Sunday, May 02, 2010

Caserta



We had planned to take the train out to Caserta to see the great royal palace of the Bourbons. In the taxi, he proposed a price to driver us there, so we took it. I'm glad we did because we arrived at the reggia about an hour before the incredible crowds. When we walked up the grand staircase, there were a few people on it. When we walked down the grand staircase, it was packed solid with touring Italians.



But I'm getting ahead of myself. First we toured the gardens. They go back more than a kilometer until they reach a grand waterfall. It's an impressive sight to see such a long line, but more impressive is that it continues through a long gallery that runs the length of the palazzo and then on to Naples. (Now the view to Napoli is broken by the train station and other construction, but back in the day, the road was planted with magnificent stone pines that went on for miles. You can still see stretches of the pines on the road back to Naples.

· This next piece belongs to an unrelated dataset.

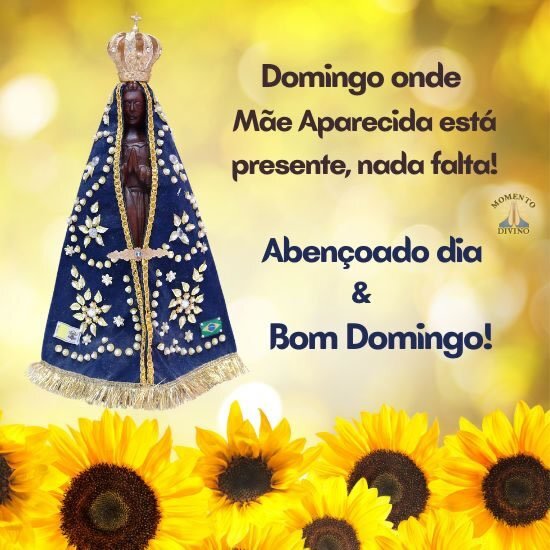 Bom Domingo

Ira didn't want to walk the long stretch to the back of the garden, so we hired a horse and carriage. It was hilarious. The driver wanted to complete the trip in as little time as possible, so we were rocketing around the gardens like an E ticket ride at Disneyland. At one stretch, it seemed like we were racing another carriage on a parallel path. Still, they wanted us to take pictures. When we got to the "baby castle" (i.e., the little castle) and I didn't take a picture they waited patiently. When I realized what they were waiting for I took a picture of a nearby tree that was much more interesting, and then they continued our gallop. It was a fun, breathless way to see a long stretch of garden on a hot day.


I'm glad we didn't walk much because the interiors were enormous. It makes Versailles look like the Petit Trianon. The Bourbons lived there until the early 19th century, so some of the later rooms had an old-fashioned rather than "old and grand" look. But the public rooms were sufficiently impressive, with gorgeous paintings, and furnishings, and bas-reliefs. Vanvitelli was in charge of the construction and he had free reign to continue in a particular style that carried well through all the grand rooms. There was not a lot of great art there, but all of the art was well done. I've sprinkled some details of ceiling paintings in this post, because they really were charming.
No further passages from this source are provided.